FLEXIBILITY training is one of the fastest working methods of improving physical fitness, writes Andrew Burns, Lifestyle & Physical Activity Manager at the Mardyke Arena UCC.
The flexibility around a joint is improved immediately after carrying out exercises. You can start to see results after a single bout of flexibility training.
Continuous improvement can be maintained after about four weeks of regular stretching at a frequency no less than 2-3 times per week.
By contrast, aerobic and strength training usually take 6 and 8 weeks of regular training to show a noticeable increase in cardiovascular fitness and/or increased strength.
Benefits of Flexibility Training:
- Improved balance
- Eliminates awkward and inefficient movement
Potential Benefits include:
- Increased resistance to muscle, ligament or tendon injury
- Reduced lower back pain
- Reduced delayed onset muscle soreness (DOMS, or the pains we feel after exercising hard)
The available evidence also suggests that flexibility training integrated with strength training is essential for almost all sports and recreational past times.
Thus, the overall goal should be to achieve strength and flexibility rather than just doing one or the other.
Despite the very quick results, flexibility is also the most under-utilized form of physical activity, despite it being almost universally accessible.
Generally, fitness enthusiasts don’t know they need to be flexible in order to be fit and strong.
From a coach’s point of view, flexibility is often assumed to be OK if a client can do other perhaps more interesting activities such as running, cycling and/or strength training.
To begin incorporating flexibility training into an existing physical activity programme, adding another workout to an already packed schedule is usually unrealistic.
So how do you develop your flexibility?

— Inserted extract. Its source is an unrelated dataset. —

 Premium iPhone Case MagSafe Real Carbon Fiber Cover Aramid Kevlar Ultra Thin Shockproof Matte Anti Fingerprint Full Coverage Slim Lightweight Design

Begin first by warming up. When you are warm your muscles are more pliable and the flexibility exercises are more effective.
Usually, it is convenient to put flexibility exercises within or directly after the cool down.
The type of flexibility exercises one may pursue are listed below:
- Ballistic or bouncing stretches
- Dynamic or slow movement stretching
- Static stretching
- Active static stretching
- Passive static stretching
- Proprioceptive neuromuscular facilitation (PNF)
The type of stretching you choose to undertake will depend on your individual flexibility goal, level of skill, co-ordination personal preference.
You are encouraged to treat each joint differently and it is considered normal to be very flexible in one joint and not quite so flexible in another.
In simple terms, you don’t need to include all of the above, you need to find what method works for you and then incorporate it into your physical activity routine.
To gain a benefit from stretching, hold each flexibility exercise at the point of tightness or slight discomfort for 30-60 seconds.
You may divide this time period up into reps and sets, i.e., 2 x 30 seconds or 4 x 15 seconds, etc.
The point of tightness and discomfort is different for everyone, go as far as you can, be cautious and if in doubt, stop and ask — we’re here to help.